O'jez, Evergreen Mate To Revive 'Elders' Forum' With Liberia Amazon Miatta Fahnbulleh, Jimi Solanke

 THE wedlock between O'jez Entertainment and Evergreen Musical Company has given birth to a reinvigorated Elders' Forum, the once very popular monthly highlife music show that was also used as a medium to recognize and honour individuals who have distinguished themselves in the arts and music industry.
So come this Sunday, February 26, all roads will lead to celebrity restaurant, O'jez, inside the National Stadium, Surulere-Lagos where the revived Elders' Forum will open in a grand style with the presence of Liberian International singer, Miatta Fahnbulleh alongside Nigeria's acclaimed folklorist, playwright and actor Jimi Solanke.



Meanwhile, Miatta Fanhbulleh has been rehearsing with Jimi Solanke as both of them will be on stage for the better part of Sunday event.
Fahnbulleh according to her biography posted on allmusic.com, remains one Africa's finest voices. She always wanted to sing, but the bug really bit her at 16, a desire that caused problems with her father, the Liberian Ambassador to Sierra Leone. Liberia was not very progressive, and women, especially ambassadors' daughters, didn't sing in dance halls and clubs, so Fahnbulleh pursued her craft on the down-low. She once came in second in a talent contest that she couldn't attend because her father found out and wouldn't let her go; the judges graded her from a tape. At 19, after graduating from high school in Sierra Leone she moved to Nairobi, Kenya to attend Junior College. She dropped out and moved to Monrovia, Liberia to D.J., alienating her father who wrote her out of his will and distanced himself from her.
She started singing professionally, often making more money in one night then most Liberians made in a month. Shortly after that, her father was sentenced to 20 years in prison for treason and other charges. Seeing no future in Monrovia, Fahnbulleh boarded a plane in 1968 for New York, NY. She immediately displayed her singing skills by entering a contest at the Apollo Theater and coming in second. Fahnbulleh not only sang, but composed and produced her songs also. She never made an impact in the States because of bad advice, bad luck, and the paranoia that everybody wanted sexual favors in return for helping her career, which went against her Muslim upbringing. Her breakout should have been with Donald Byrd, whom she wrote and composed songs with for an LP. A meddling friend, however, convinced her she was getting ripped off and she backed out of the project before the recording date. A contract with Ed Townsend, who later broke the bank with "Let's Get It On" for Marvin Gaye, literally went up in smoke when Townsend's recording studio mysteriously burned down. At the time, Townsend and Motown Records were embroiled in a lawsuit over the use of Townsend's studios to record the Isley Brothers' "It's Your Thing" while they were under contract to Motown. She never came close to cementing a deal again and returned home in 1974. Her time in the States did serve a purpose, she achieved a degree in Music and Drama from the American Music & Dramatic Academy in New York.
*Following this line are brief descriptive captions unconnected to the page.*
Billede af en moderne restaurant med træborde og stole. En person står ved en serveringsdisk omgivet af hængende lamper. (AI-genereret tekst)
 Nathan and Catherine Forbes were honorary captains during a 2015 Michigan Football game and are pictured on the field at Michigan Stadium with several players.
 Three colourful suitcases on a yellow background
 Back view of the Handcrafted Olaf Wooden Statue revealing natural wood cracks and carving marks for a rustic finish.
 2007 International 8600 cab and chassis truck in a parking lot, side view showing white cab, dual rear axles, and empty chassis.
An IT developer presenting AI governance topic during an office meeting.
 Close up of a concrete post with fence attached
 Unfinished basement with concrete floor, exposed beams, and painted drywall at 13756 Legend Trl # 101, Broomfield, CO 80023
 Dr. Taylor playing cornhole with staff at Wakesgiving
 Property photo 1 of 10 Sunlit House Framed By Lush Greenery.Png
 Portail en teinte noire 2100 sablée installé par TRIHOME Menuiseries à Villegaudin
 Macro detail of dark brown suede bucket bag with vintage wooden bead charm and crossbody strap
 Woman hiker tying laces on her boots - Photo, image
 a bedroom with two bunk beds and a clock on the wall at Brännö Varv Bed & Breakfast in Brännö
In Africa, she started performing and recording in earnest, doing an album with Hugh Masekela in Lagos, Nigeria that was shelved for years. She toured with Masekela in 1976 in the States, then took part in the Festac Festivals. She moved to England for seven years, a country where she had spent four years in boarding school as a juvenile.

In England, she became involved with the community of Africans and won the populace's respect before returning to Africa in 1984 to continue her activist activities, becoming a dynamic speaker for issues concerning women and children. Fahnbulleh became a Good Will Ambassador for ECOWAS in 1990, an organization of 16 African counties involved in the integration of the West Coast of Africa. In 1991, she became the official Good Will Ambassador of Liberia. She's recorded and produced several albums.